On Memorial Day weekend, I will watch the Indianapolis 500. Motorsports can be divided into a lot of types and series; Indy is the senior and signature race of the Indy Racing League series. Indy is an oval, the cars are open-wheel. I love open-wheel racing, but I much prefer road courses. I follow Formula One much more closely. More about that later. So Indy is not my favorite series or kind of racing, but I will watch anyway — because of Indy’s place in history, and because of Danica Patrick’s.

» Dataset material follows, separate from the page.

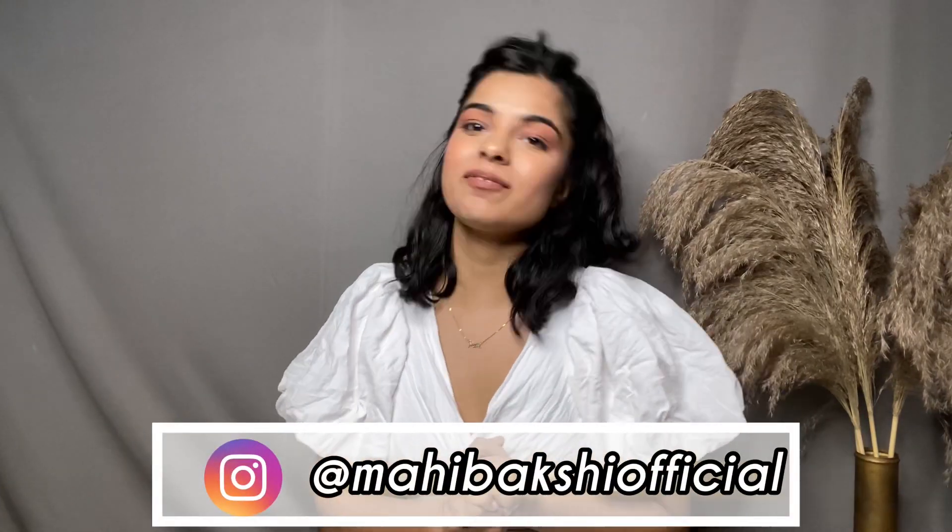Hi guys, I'm Mahdi. Welcome back to my channel. I hope that you guys are doing well and I really hope that you guys are safe. This video is going to be a shopping haul.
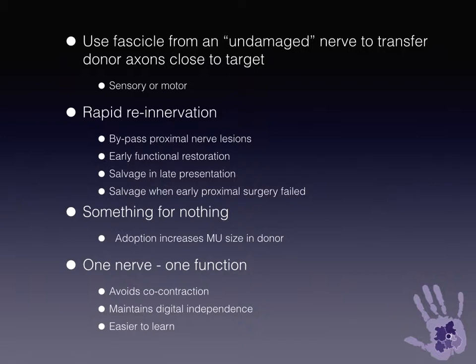It allows very rapid reinnervation, which can give early functional restoration or can salvage cases where proximal surgery has failed. Because the residual nerve side-sprouts and increases the motor unit size, there's effectively something for nothing. You avoid the problems of co-contraction where you reinnervate multiple muscles from one nerve root in brachial plexus injuries, and you can maintain digital independence over what you would get with a traditional tendon transfer, and it's easier to relearn.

There have been pioneering women at the high levels of many forms of racing, but especially at Indy, I think because of its symbolic importance. First, there was Guthrie. She started out as an aerospace engineer who went racing full-time. She raced around the Sports Car Club of America for a while and turned to Nascar, where she was the first woman to race in their top series, then the Winston Cup. She drove the Daytona 500 and was Rookie of the Year, and she competed in 33 Winston Cup events, finishing as high as sixth. Starting in 1977 she raced in open-wheels at Indy, too. She qualified in 1977, ’78 and ’79. The first time, the car had problems and she did poorly. The last time, same thing. But in between, in 1978, she had a really good run, finishing in the top ten: ninth, after starting 15th. With a good car, she could drive with the best in the sport. (Guthrie has a well-regarded autobiography, “A Life at Full Throttle.”)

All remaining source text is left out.